Sus libros, que además de los diarios y aforismos citados incluyen tres novelas y algunos de los relatos mejor escritos en español: Silvio en el Rosedal, El próximo mes me nivelo, Espumante en el sótano…, se abrió precisamente con uno de los títulos ya clásicos de la narrativa latinoamericana: Los gallinazos sin plumas. Libro crudo, a veces caricaturesco, urbano, lleno de relaciones esquizas como la de Dos Santos y Pascualito, el puerco-monstruo que Dos santos está obsesionado con engordar y termina devorándolo: Mefisto pata de palo ante Mefisto-saturno, o como la de Pablo Saldañas y Simón Barriga en Explicaciones a un cabo de servicio, monólogo que muestra muy bien ese contexto romántico-grosero donde la mayoría de los personajes riberyanos se mueven y casi siempre se ahogan.

¿Tendrá razón Vargas Llosa cuando afirma en una carta a su traductor alemán (24 de octubre de 1966) que todos los cuentos y novelas de Ribeyro “son fragmentos de una sola alegoría sobre la frustración fundamental de ser peruano: frustración social, individual, cultural, psicológica y sexual”?

A pesar de que la frase del autor de La ciudad y los perros parece perfecta –qué frase de Vargas Llosa no lo parece–, semeja más bien una definición sobre su propia obra: la de su primera etapa, para ser más preciso.

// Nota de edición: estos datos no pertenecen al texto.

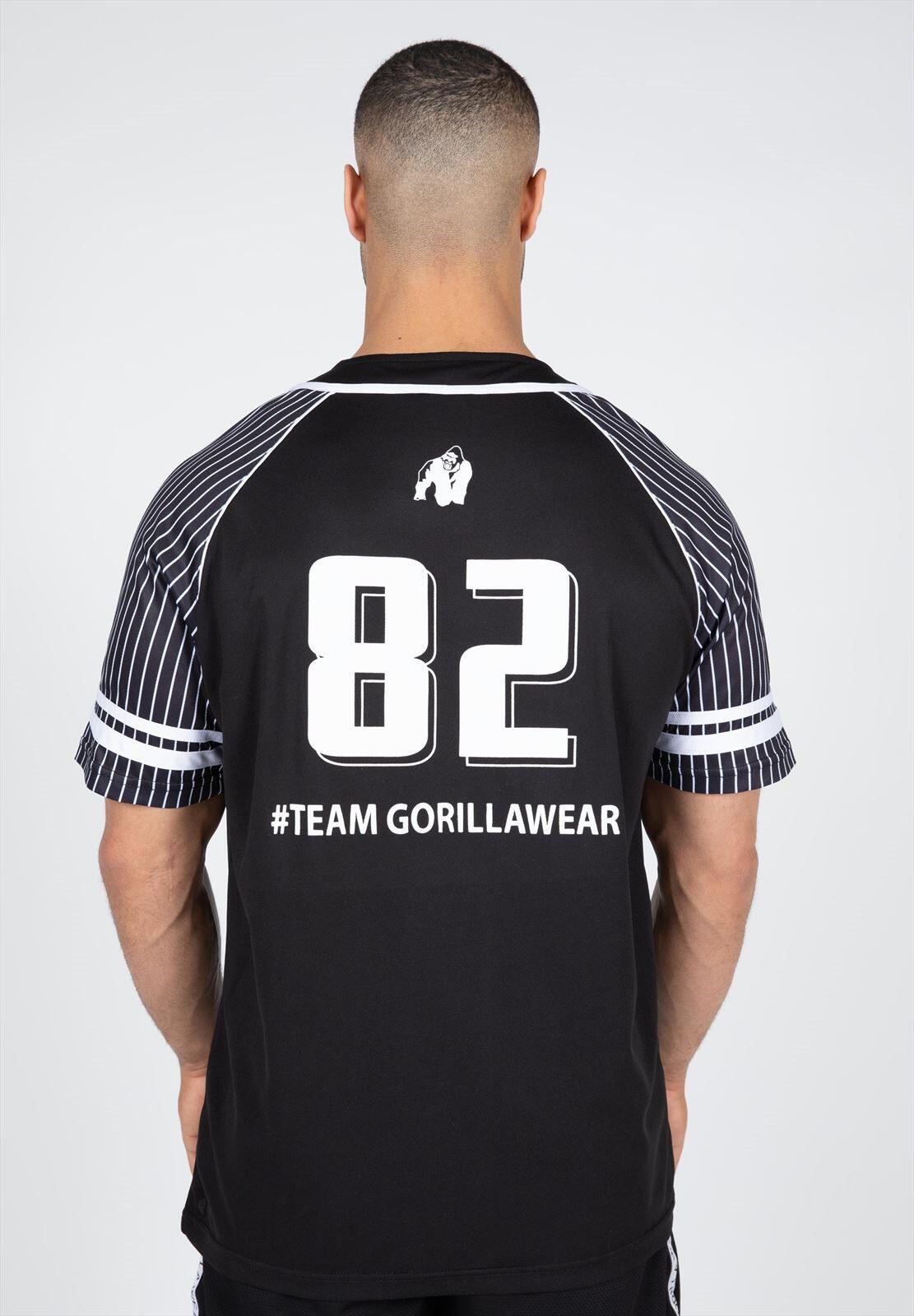 82 Maglia da baseball - Nero 2/7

Obra más atenta a la amplia cartografía de frustraciones que el Salazar Bondy de Lima, la horrible ya enumeraba, que a la mirada más visceral de Julio Ramón Ribeyro, menos atravesada por el concepto identidad y, por supuesto, menos política, menos periodística, menos andina.

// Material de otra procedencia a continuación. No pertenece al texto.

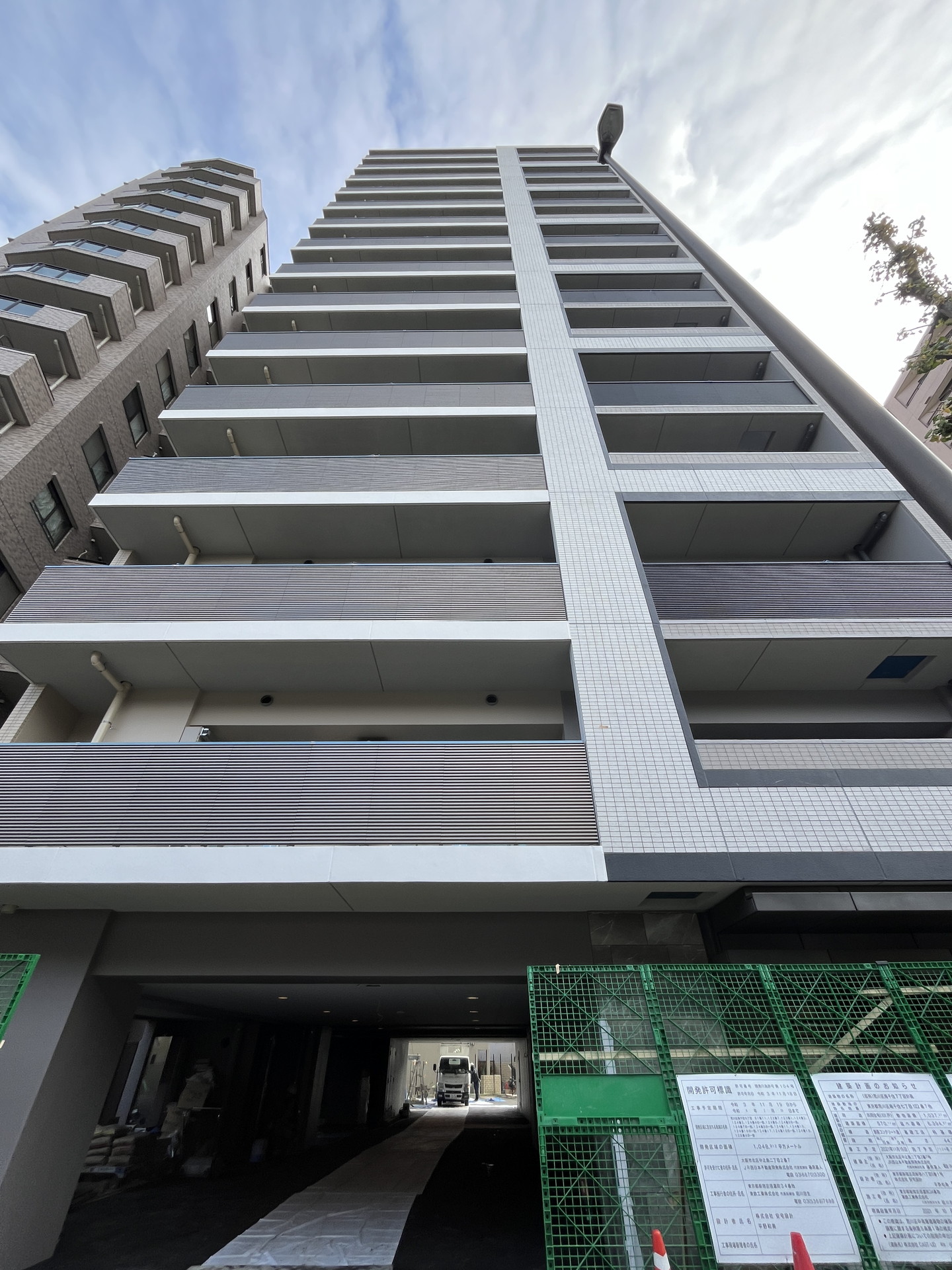 建物外観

Sus textos, e incluyo aquí las setecientas páginas de sus diarios, más que una pregunta por el “ser peruano” (un ser tan esquizo y residual como el insular), develan una pregunta por el devenir animal del hombre, ese choque entre su frontera enferma y su psiquismo higiénico, tal y como otro fuera-de-serie en la misma época, Virgilio Piñera, supo ver, en lo que taconeaba con su maleta entre La Habana y Buenos Aires para conseguir comida: “la única comida del día”, y colaboraciones para la revista Ciclón.

Escribe Julio Ramón Ribeyro en La tentación del fracaso: “Comprendo ahora con mayor claridad lo que le resta audiencia y repercusión a mi obra […]. El mundo de mis libros es un mundo más bien sórdido, defectista, donde no ocurre nada grandioso, poblado por pequeños personajes desdichados, sin energía, individualistas y marginados, que viven fuera de la historia, de la naturaleza y la comunidad”.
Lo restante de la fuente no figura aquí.